In passato il Santo Padre si è espresso a favore del nucleare, nell’enciclica – anche perché non crediamo potesse essere questo lo strumento dove poter esprimere un giudizio di questo tipo – non né parla, che voi sappiate che posizione ha in questa fase il Vaticano?
«Non sono certamente prerogativa del Vaticano la scelta delle tecnologie; è sua prerogativa richiamare ai valori etici che devono guidare queste scelte. Il Papa in questa enciclica affronta con coraggio proprio quest’aspetto, invitando alla sobrietà ed alla condivisione delle risorse non rinnovabili. Ma è la stessa non rinnovabilità che rende impossibile la condivisione con le generazioni future. Il nucleare oltre a subordinare il profitto al rischio, per una energia che noi utilizziamo oggi lascia alle generazioni future un´eredità avvelenata, di scorie da gestire per decine di migliaia di anni, senza neanche sapere indicare come conservarle; in questo non c’è proprio nulla di etico. Si tratta inoltre anche di una tecnologia che mette cinicamente in conto il sacrificio umano, non solo quello delle popolazioni in caso di incidente, ma quello degli operai che in caso di importanti e pericolosi guasti sono state costrette a esporsi a dosi fatali di radiazioni per evitare lo sviluppo di incidenti più gravi.
Chi oggi usa petrolio, carbone, gas e uranio, ovviamente li usa solo per sé negandone per sempre l’uso ad altri uomini contemporanei ed alle generazioni future.

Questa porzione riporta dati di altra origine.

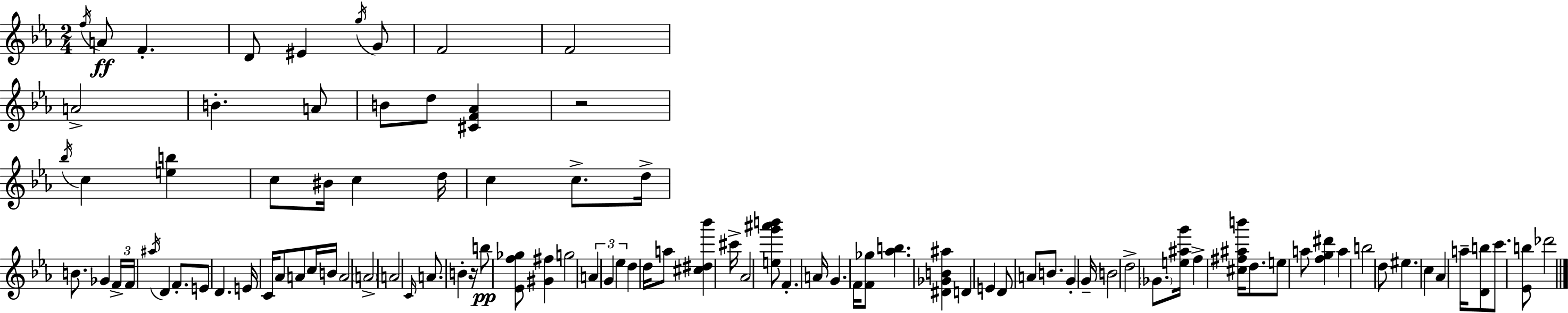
F5/s A4/e F4/q. D4/e EIS4/q G5/s G4/e F4/h F4/h A4/h B4/q. A4/e B4/e D5/e [C#4,F4,Ab4]/q R/h Bb5/s C5/q [E5,B5]/q C5/e BIS4/s C5/q D5/s C5/q C5/e. D5/s B4/e. Gb4/q F4/s F4/s A#5/s D4/q F4/e. E4/e D4/q. E4/s C4/s Ab4/e A4/e C5/s B4/s A4/h A4/h A4/h C4/s A4/e. B4/q R/s B5/e [Eb4,F5,Gb5]/e [G#4,F#5]/q G5/h A4/q G4/q Eb5/q D5/q D5/s A5/e [C#5,D#5,Bb6]/q C#6/s Ab4/h [E5,G6,A#6,B6]/e F4/q. A4/s G4/q. F4/s [F4,Gb5]/e [Ab5,B5]/q. [D#4,Gb4,B4,A#5]/q D4/q E4/q D4/e A4/e B4/e. G4/q G4/s B4/h D5/h Gb4/e. [E5,A#5,G6]/s F5/q [C#5,F#5,A#5,B6]/s D5/e. E5/e A5/e [F5,G5,D#6]/q A5/q B5/h D5/e EIS5/q. C5/q Ab4/q A5/s [D4,B5]/e C6/e. [Eb4,B5]/e Db6/h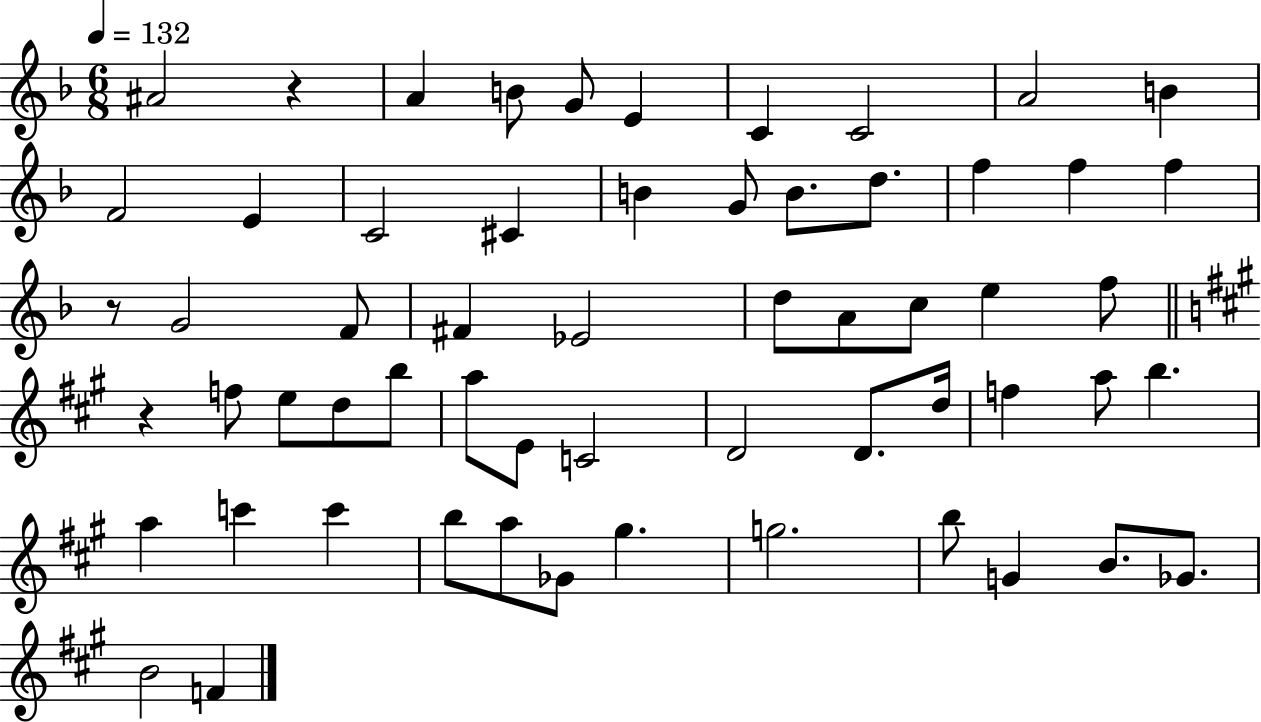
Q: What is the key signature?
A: F major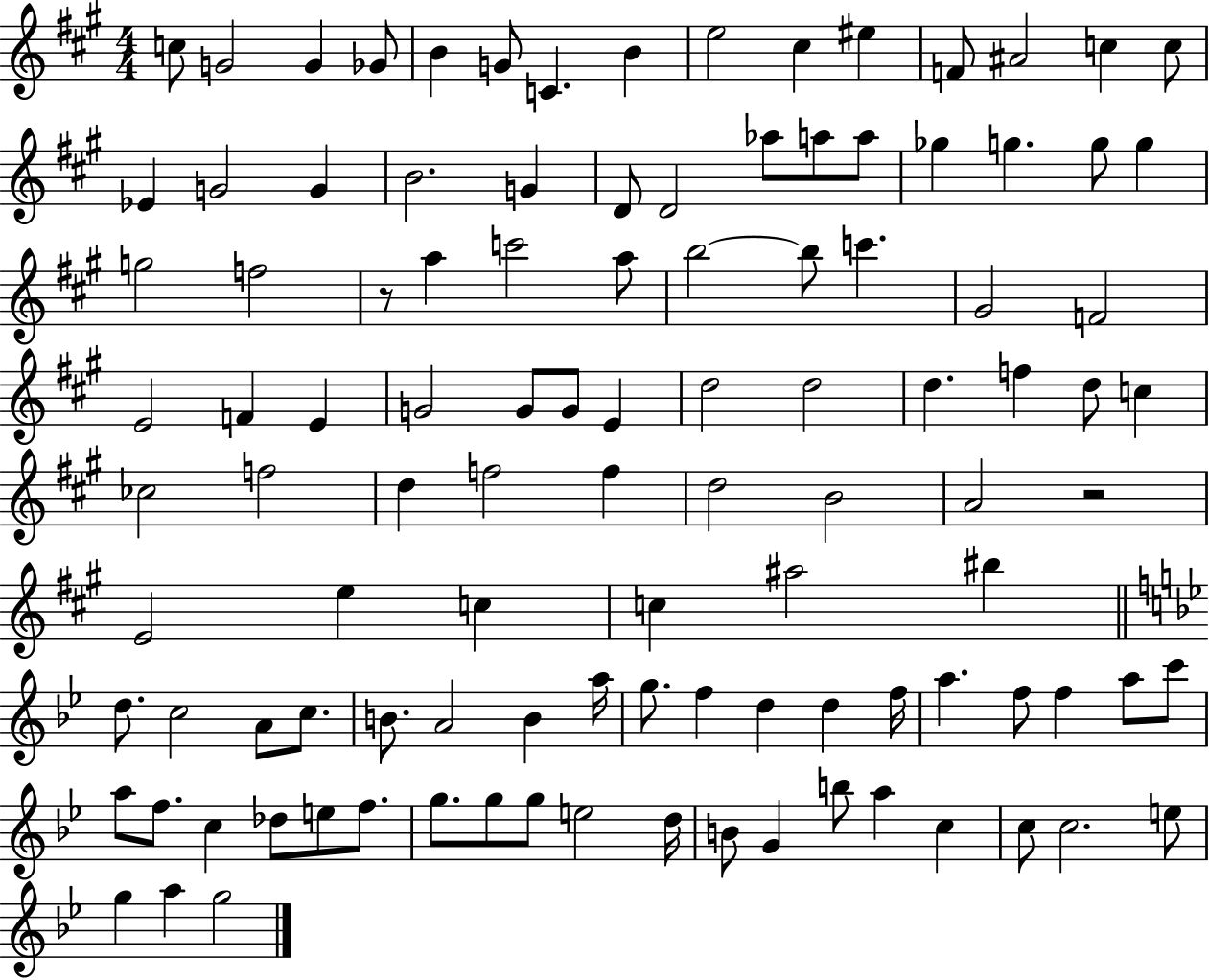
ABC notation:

X:1
T:Untitled
M:4/4
L:1/4
K:A
c/2 G2 G _G/2 B G/2 C B e2 ^c ^e F/2 ^A2 c c/2 _E G2 G B2 G D/2 D2 _a/2 a/2 a/2 _g g g/2 g g2 f2 z/2 a c'2 a/2 b2 b/2 c' ^G2 F2 E2 F E G2 G/2 G/2 E d2 d2 d f d/2 c _c2 f2 d f2 f d2 B2 A2 z2 E2 e c c ^a2 ^b d/2 c2 A/2 c/2 B/2 A2 B a/4 g/2 f d d f/4 a f/2 f a/2 c'/2 a/2 f/2 c _d/2 e/2 f/2 g/2 g/2 g/2 e2 d/4 B/2 G b/2 a c c/2 c2 e/2 g a g2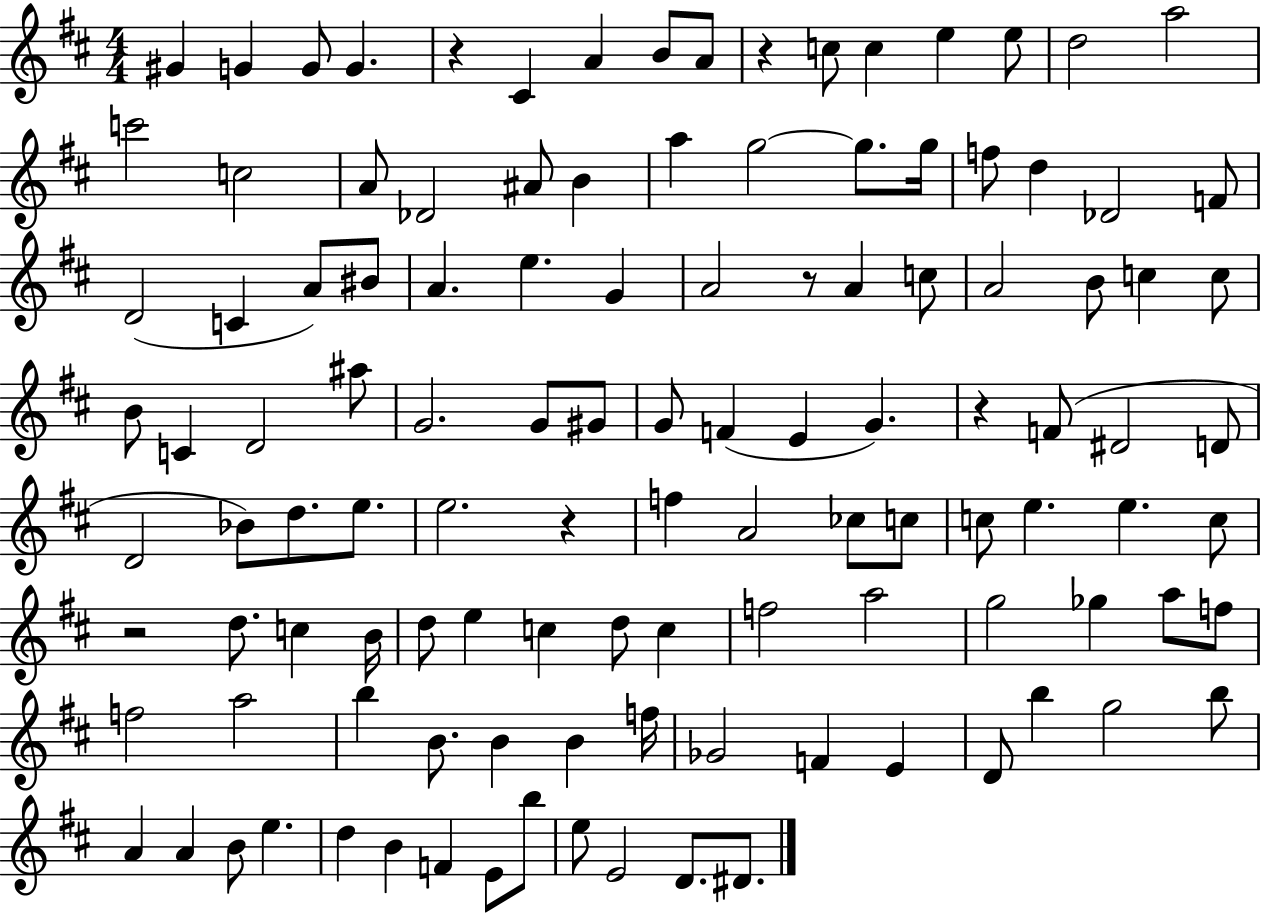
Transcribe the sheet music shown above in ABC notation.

X:1
T:Untitled
M:4/4
L:1/4
K:D
^G G G/2 G z ^C A B/2 A/2 z c/2 c e e/2 d2 a2 c'2 c2 A/2 _D2 ^A/2 B a g2 g/2 g/4 f/2 d _D2 F/2 D2 C A/2 ^B/2 A e G A2 z/2 A c/2 A2 B/2 c c/2 B/2 C D2 ^a/2 G2 G/2 ^G/2 G/2 F E G z F/2 ^D2 D/2 D2 _B/2 d/2 e/2 e2 z f A2 _c/2 c/2 c/2 e e c/2 z2 d/2 c B/4 d/2 e c d/2 c f2 a2 g2 _g a/2 f/2 f2 a2 b B/2 B B f/4 _G2 F E D/2 b g2 b/2 A A B/2 e d B F E/2 b/2 e/2 E2 D/2 ^D/2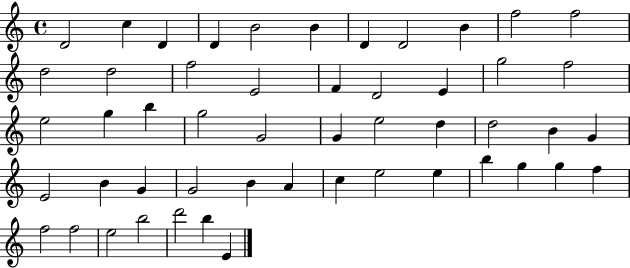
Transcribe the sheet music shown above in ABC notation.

X:1
T:Untitled
M:4/4
L:1/4
K:C
D2 c D D B2 B D D2 B f2 f2 d2 d2 f2 E2 F D2 E g2 f2 e2 g b g2 G2 G e2 d d2 B G E2 B G G2 B A c e2 e b g g f f2 f2 e2 b2 d'2 b E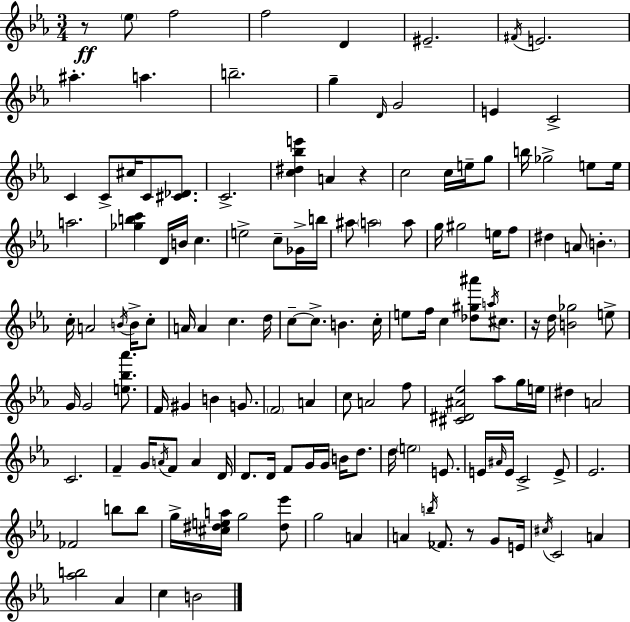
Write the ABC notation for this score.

X:1
T:Untitled
M:3/4
L:1/4
K:Cm
z/2 _e/2 f2 f2 D ^E2 ^F/4 E2 ^a a b2 g D/4 G2 E C2 C C/2 ^c/4 C/2 [^C_D]/2 C2 [c^d_be'] A z c2 c/4 e/4 g/2 b/4 _g2 e/2 e/4 a2 [_gbc'] D/4 B/4 c e2 c/2 _G/4 b/4 ^a/2 a2 a/2 g/4 ^g2 e/4 f/2 ^d A/2 B c/4 A2 B/4 B/4 c/2 A/4 A c d/4 c/2 c/2 B c/4 e/2 f/4 c [_d^g^a']/2 a/4 ^c/2 z/4 d/4 [B_g]2 e/2 G/4 G2 [e_b_a']/2 F/4 ^G B G/2 F2 A c/2 A2 f/2 [^C^D^A_e]2 _a/2 g/4 e/4 ^d A2 C2 F G/4 A/4 F/2 A D/4 D/2 D/4 F/2 G/4 G/4 B/4 d/2 d/4 e2 E/2 E/4 ^A/4 E/4 C2 E/2 _E2 _F2 b/2 b/2 g/4 [^c^dea]/4 g2 [^d_e']/2 g2 A A b/4 _F/2 z/2 G/2 E/4 ^c/4 C2 A [_ab]2 _A c B2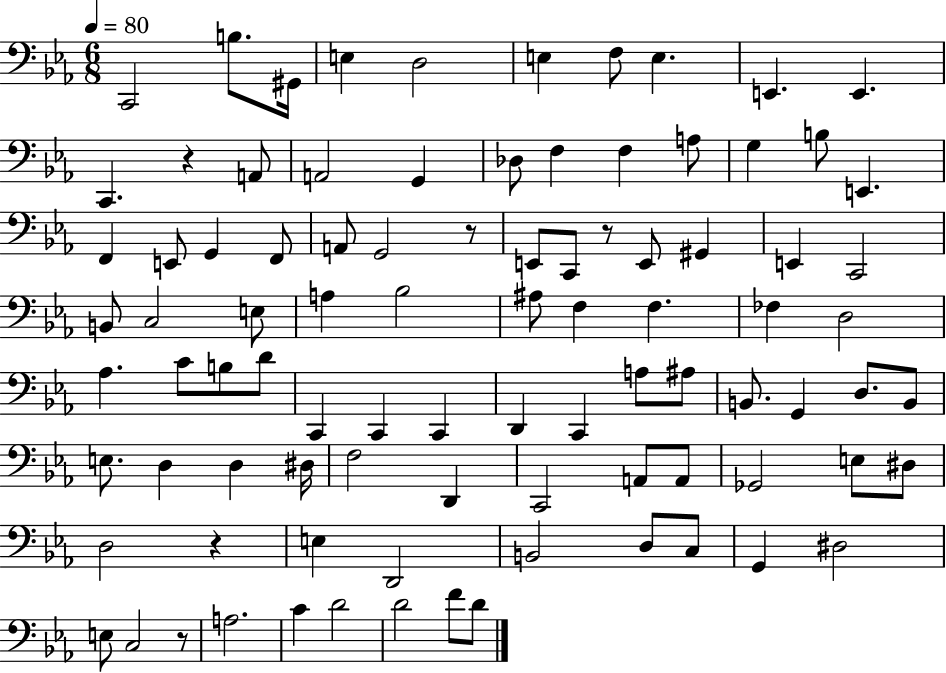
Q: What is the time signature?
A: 6/8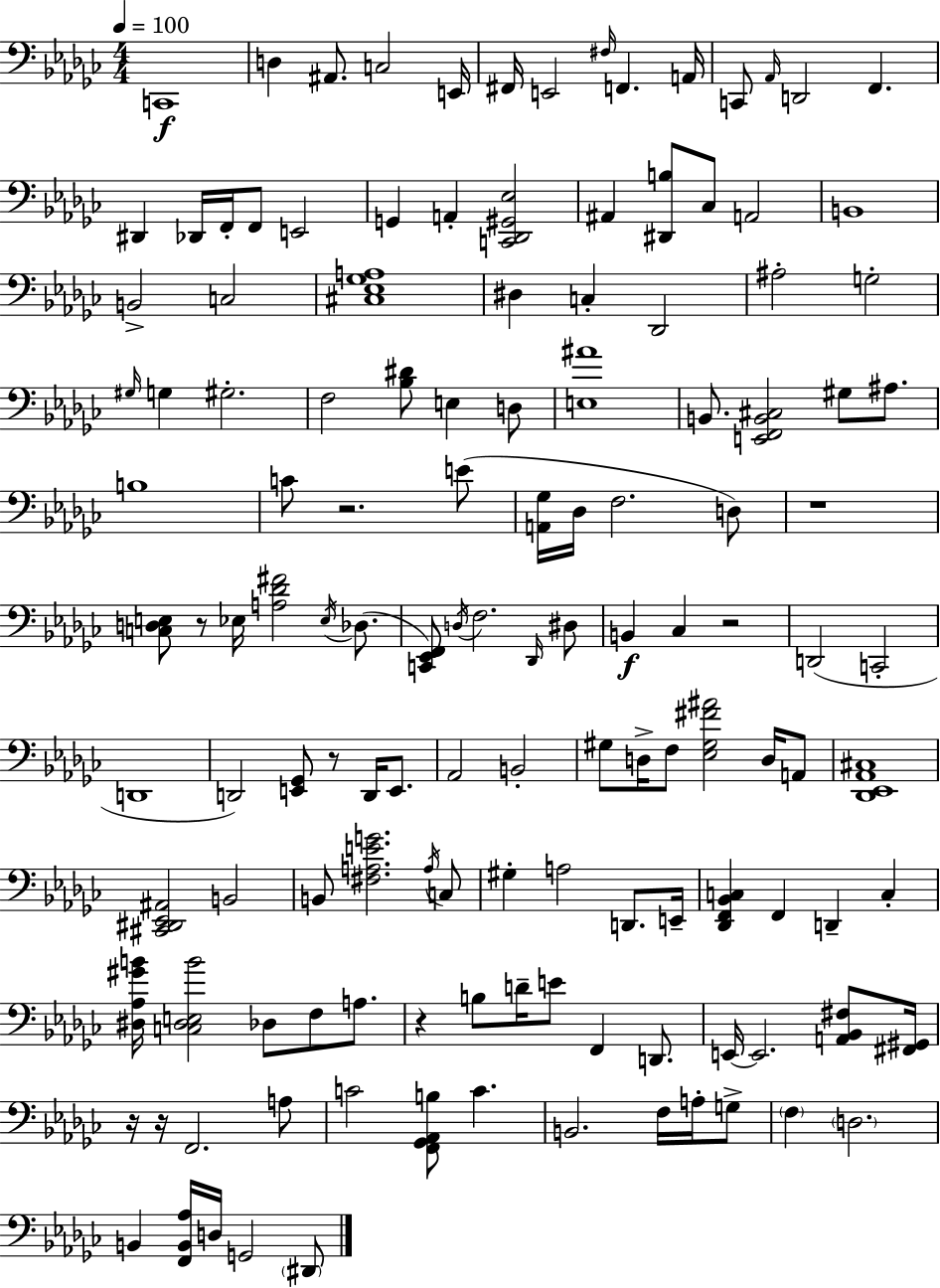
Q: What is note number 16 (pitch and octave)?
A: Db2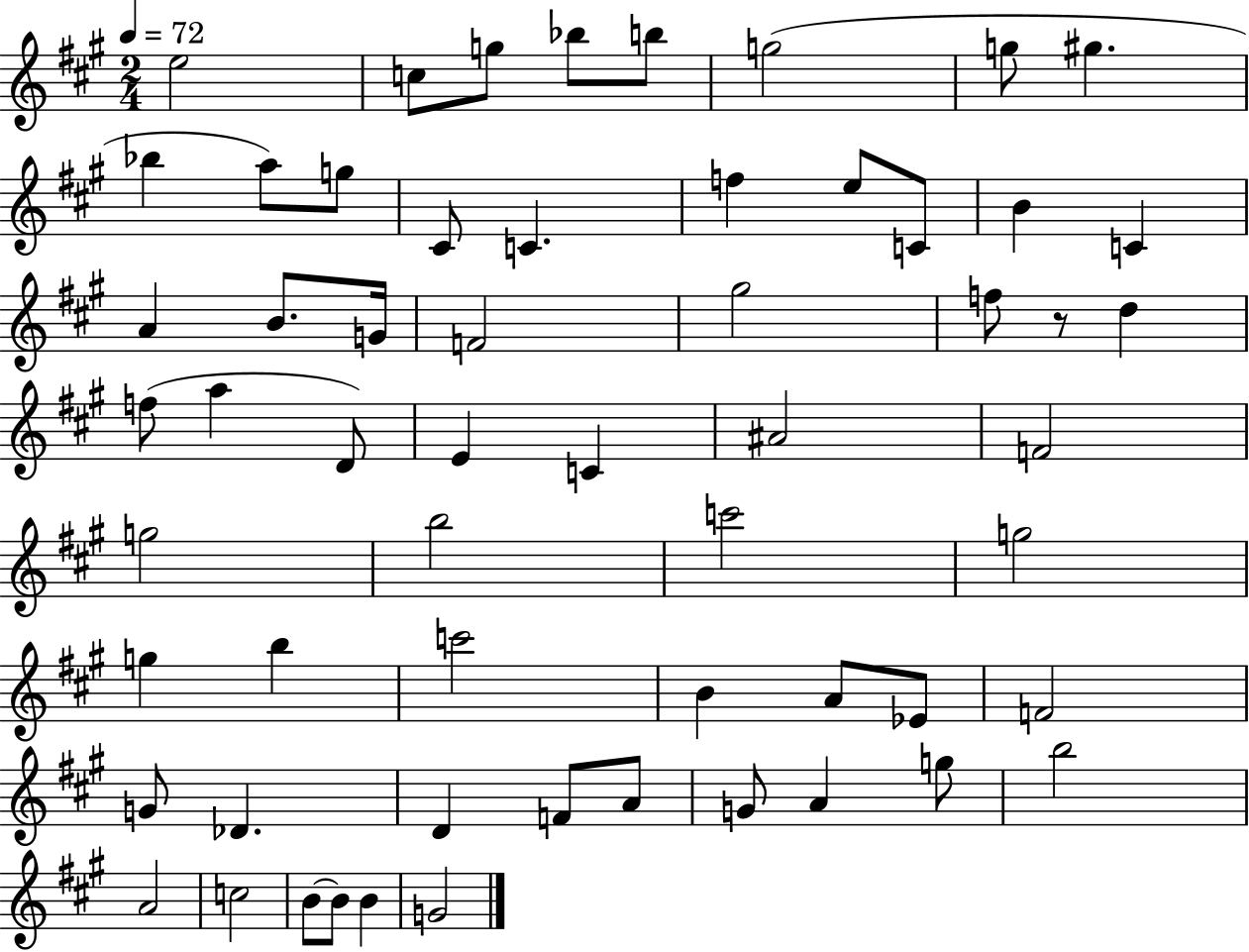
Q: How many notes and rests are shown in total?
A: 59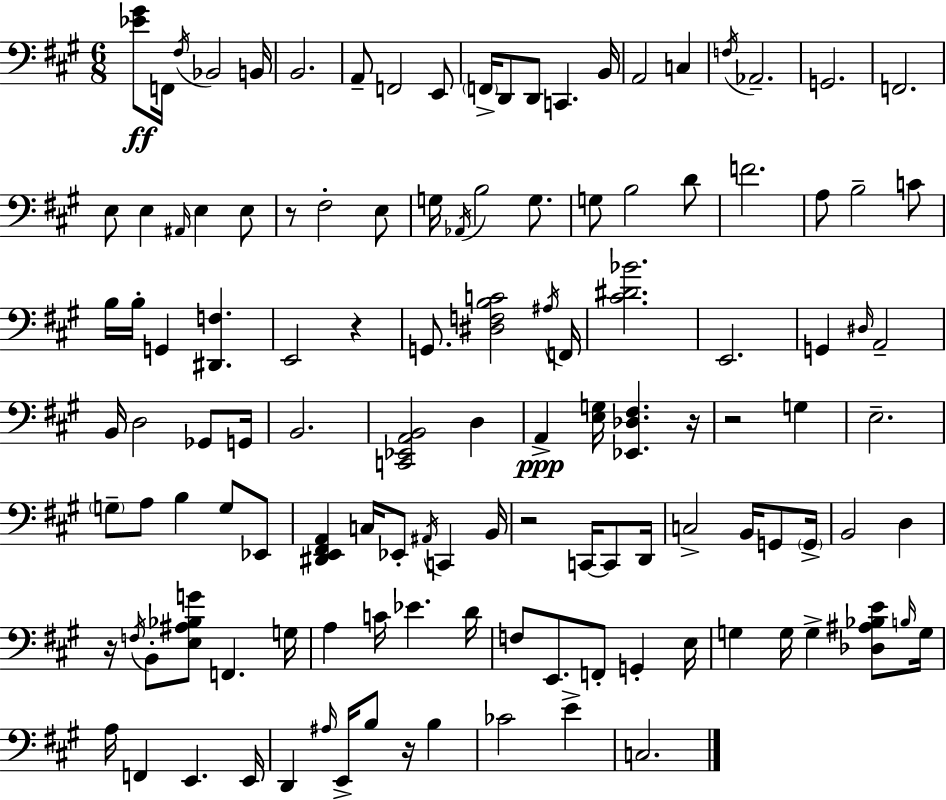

Usare energia rinnovabili, non le toglie all’utilizzo di altri, né nel presente, né nel futuro. Questa è l’unica strada per coniugare carità e verità, privilegiando la centralità dell’uomo rispetto al profitto.
In questa enciclica, sebbene con la raffinatezza e la delicatezza che caratterizza il pensiero e il linguaggio di Benedetto XVI, è contenuta una durissima accusa ad una economia senza regole morali, finalizzata solo al profitto, che ha marginalizzato i diritti fondamentali alla sicurezza, alla salute, al lavoro, minando per tanti la possibilità di condurre una vita davvero umana, di realizzare una famiglia, di costruire un proprio percorso di realizzazione. Di fronte ad una economia scivolata nell’egoismo, nell’avidità, nella competizione aggressiva, il Santo Padre auspica una sua Radicale riforma in chiave umanistica e solidaristica.
Questo è l’aspetto più importante di questa enciclica che rilancia con forza il carattere rivoluzionario della Populorum progressio. E’ un grido di speranza in un mondo confuso e disperato, che possa esserci una rivoluzione dell’amore, della carità, che riscatti l’uomo dalle troppe catene di povertà materiale e spirituale che oggi lo opprimono. Come sempre da parte di questo Pontefice è un messaggio che attinge al cuore caldo del messaggio cristiano, che tocca tutti, politici, economisti, e ciascuno di noi, esaltandone la sua potenza di trasformazione della società».